> Try it
Copy, exactly and without additions, every line in the records below from the one holding "24, TONY HUMPHRIES" through the one holding "Quy trình đăng", both ends included.

> Given information
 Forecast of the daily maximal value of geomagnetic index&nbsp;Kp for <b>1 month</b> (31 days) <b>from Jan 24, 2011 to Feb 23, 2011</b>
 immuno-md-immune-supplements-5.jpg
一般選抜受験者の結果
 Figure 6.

==

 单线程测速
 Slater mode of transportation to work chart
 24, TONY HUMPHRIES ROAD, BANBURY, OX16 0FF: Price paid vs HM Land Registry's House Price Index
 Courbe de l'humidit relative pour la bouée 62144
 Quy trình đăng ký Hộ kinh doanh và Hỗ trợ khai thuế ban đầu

...

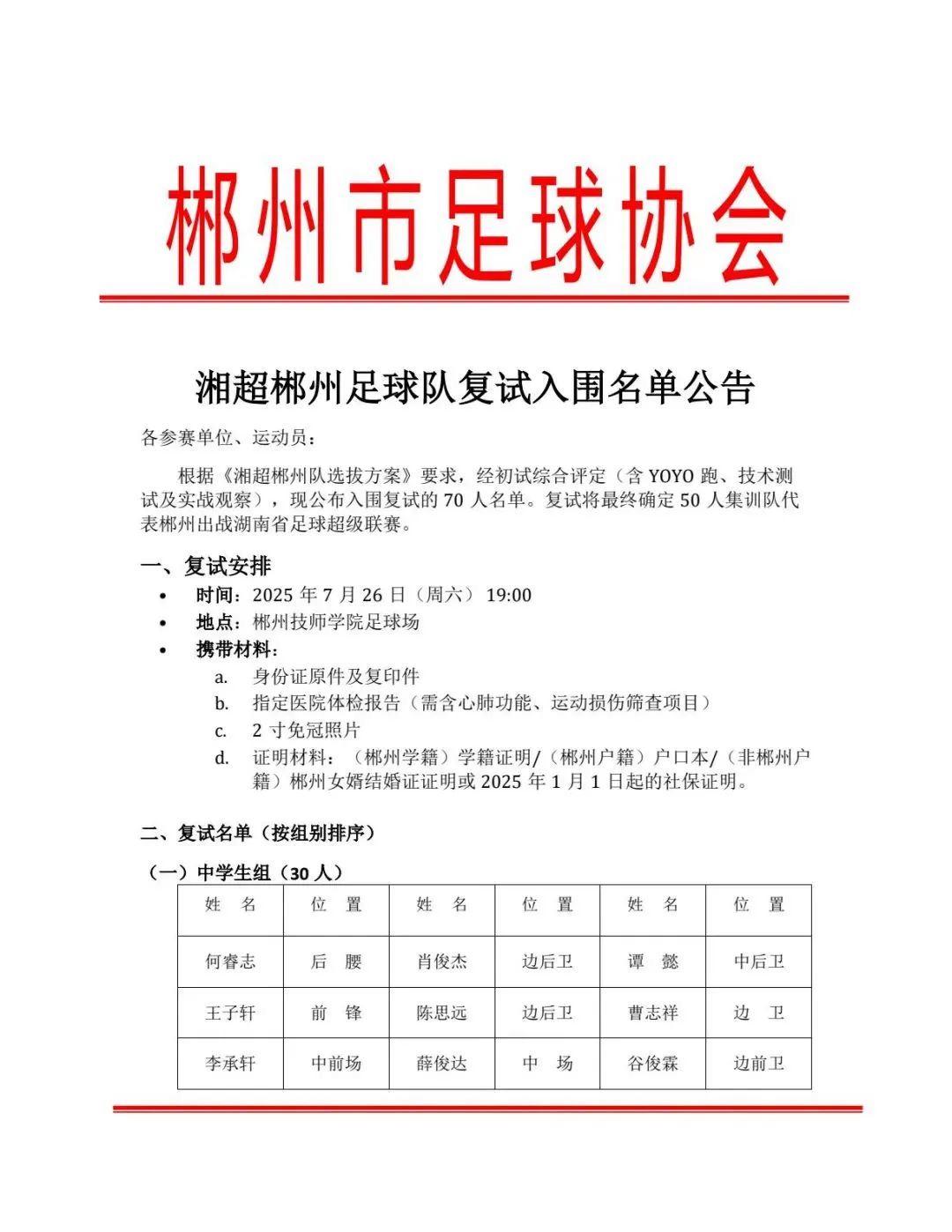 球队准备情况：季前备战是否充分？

> Answer to this exercise
 24, TONY HUMPHRIES ROAD, BANBURY, OX16 0FF: Price paid vs HM Land Registry's House Price Index
 Courbe de l'humidit relative pour la bouée 62144
 Quy trình đăng ký Hộ kinh doanh và Hỗ trợ khai thuế ban đầu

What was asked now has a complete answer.